TASK DESCRIPTION —
Omit the pictures. Transcribe exactly the lines below, from the one with "Yellow Baboon (Papio" up to and including the last.

[Short text fragments from websites]
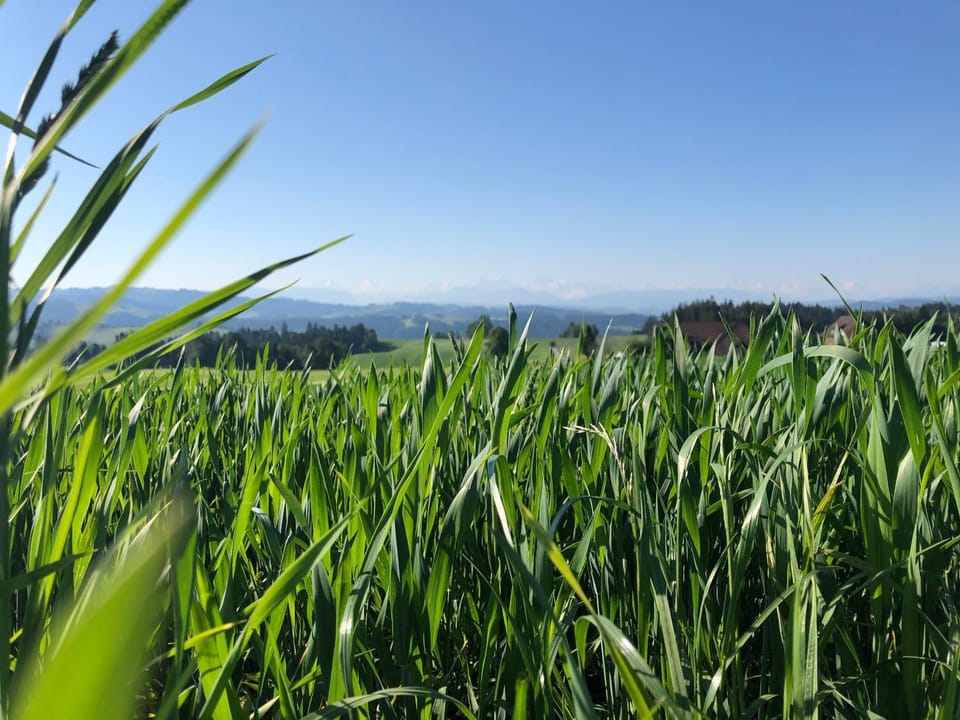 Spring, Natural landscape, Summer, On site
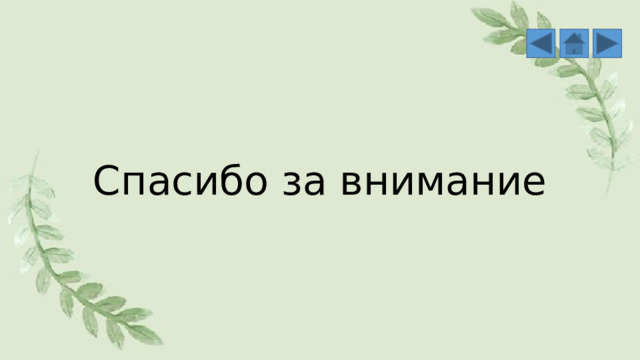 Спасибо за внимание 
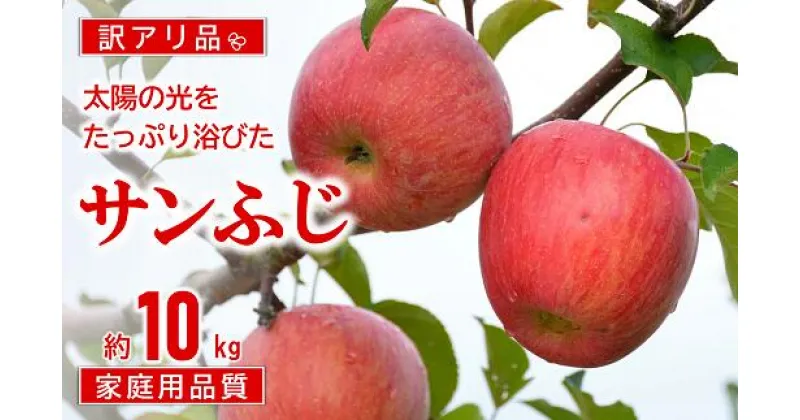 【ふるさと納税】 【令和6年産先行予約】 〈訳あり品 家庭用〉 JA りんご 「サンふじ」 約10kg (28玉～46玉) 《令和6年11月中旬～12月中旬発送》 『JA山形おきたま』 山形県 南陽市 [1410]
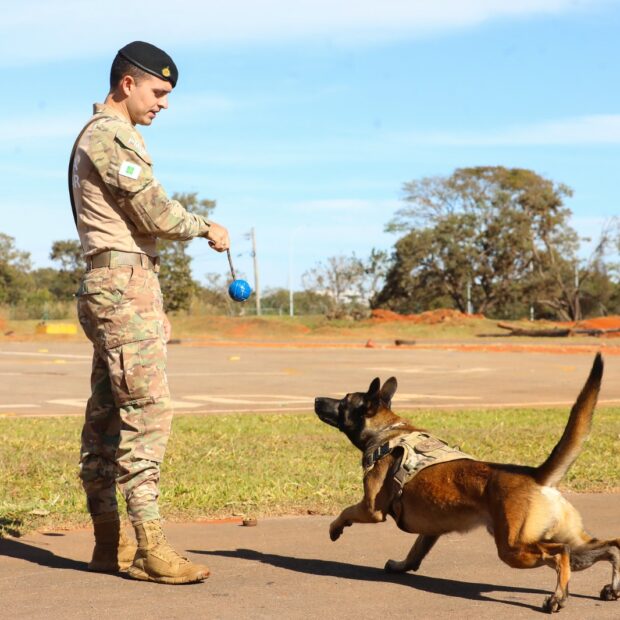 Foto: Paulo H. Carvalho/Agência Brasília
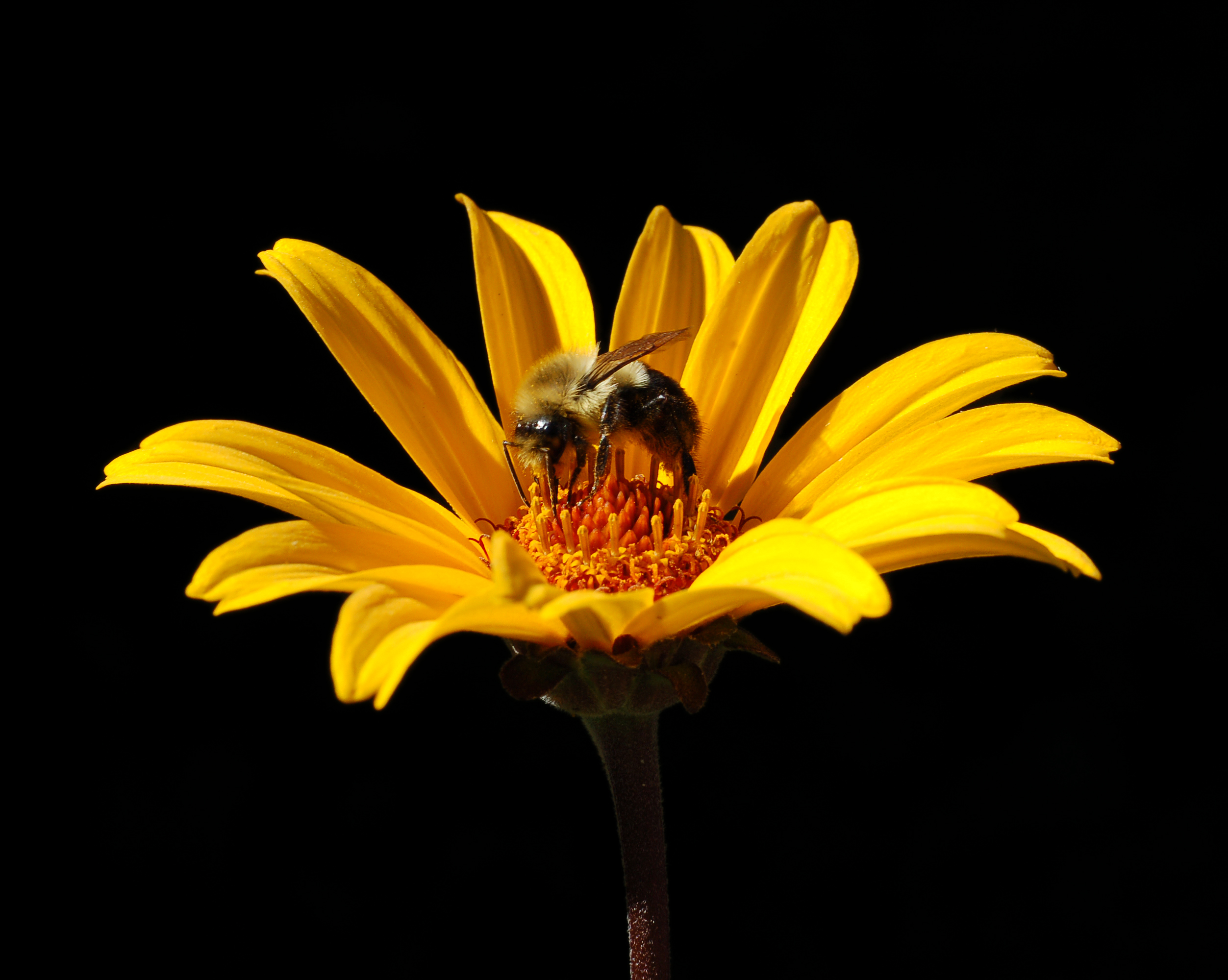 False Sunflower Heliopsis helianthoides 'Summer Nights' Bee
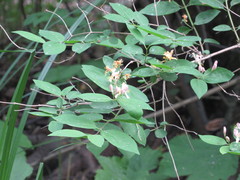 Lonicera × muendeniensis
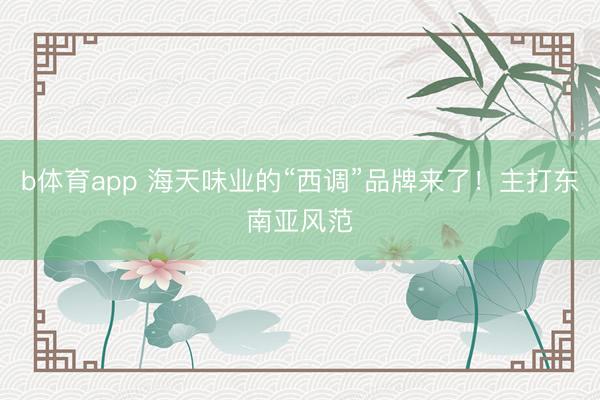 b体育app 海天味业的“西调”品牌来了！主打东南亚风范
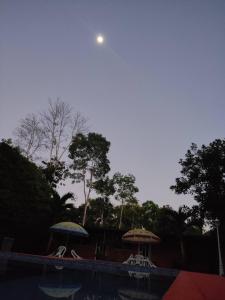ein Pool mit Sonnenschirmen und Stühlen und ein Mond in der Unterkunft Cabañas Horeb in Tena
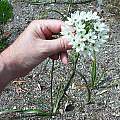 Triteleia hyacinthina, Mark McDonough
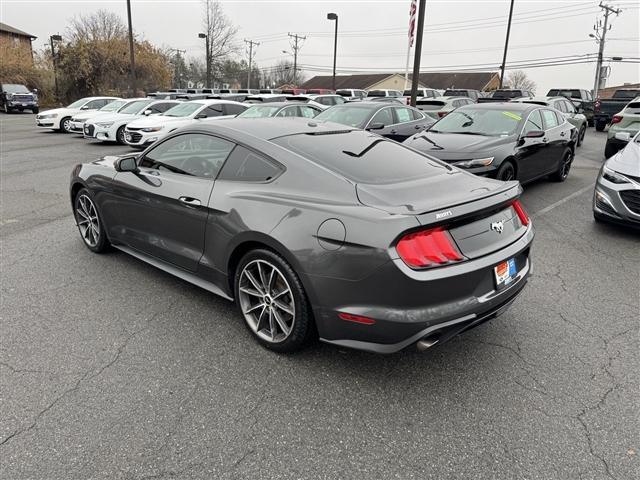 used 2019 Ford Mustang car, priced at $14,900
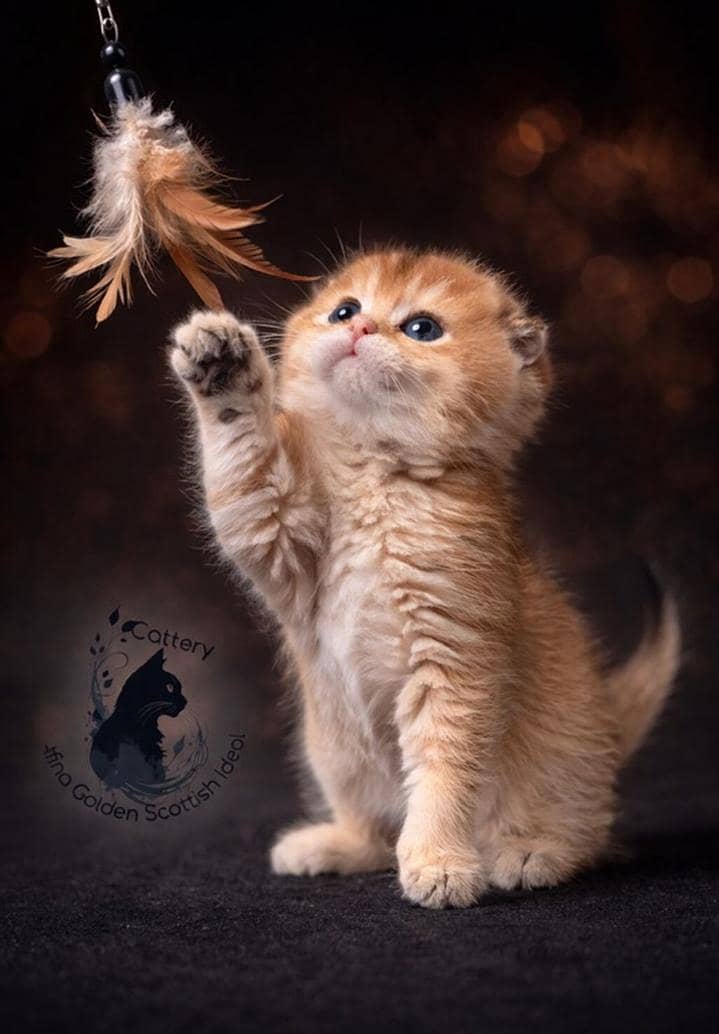 Scottish fold 3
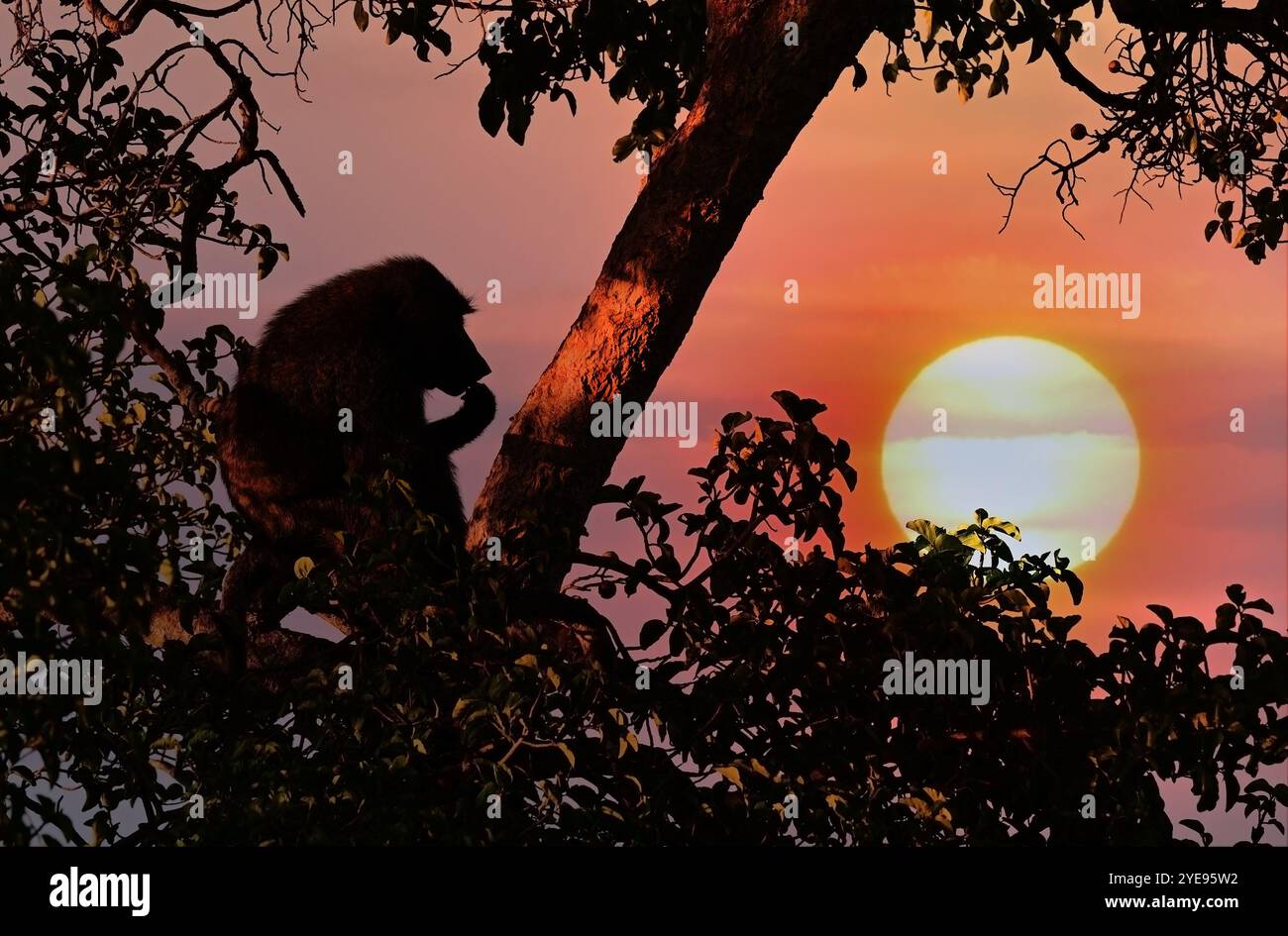 Yellow Baboon (Papio cynocephalus) sits on a tree in the rays of the setting sun. Kenya, Africa Stock Photo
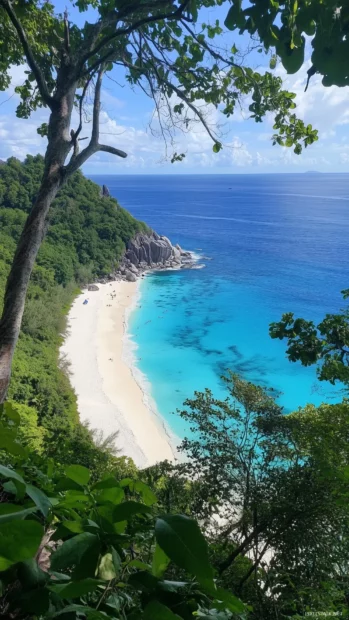 A tropical beach with crystal clear turquoise waters and pristine white sand.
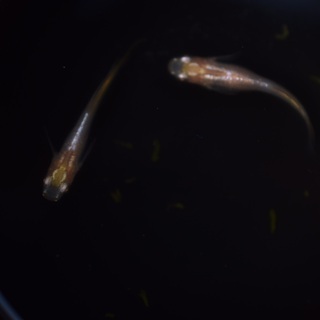 メダカ　ブドウ眼月虹（げっこう）2ペア　代引き発送可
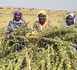 Tchad - Abéché : De l'espoir dans les champs pour les femmes bénéficiaires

ANSWER TO THE PROBLEM —
 Yellow Baboon (Papio cynocephalus) sits on a tree in the rays of the setting sun. Kenya, Africa Stock Photo
 A tropical beach with crystal clear turquoise waters and pristine white sand.
 メダカ　ブドウ眼月虹（げっこう）2ペア　代引き発送可
 Tchad - Abéché : De l'espoir dans les champs pour les femmes bénéficiaires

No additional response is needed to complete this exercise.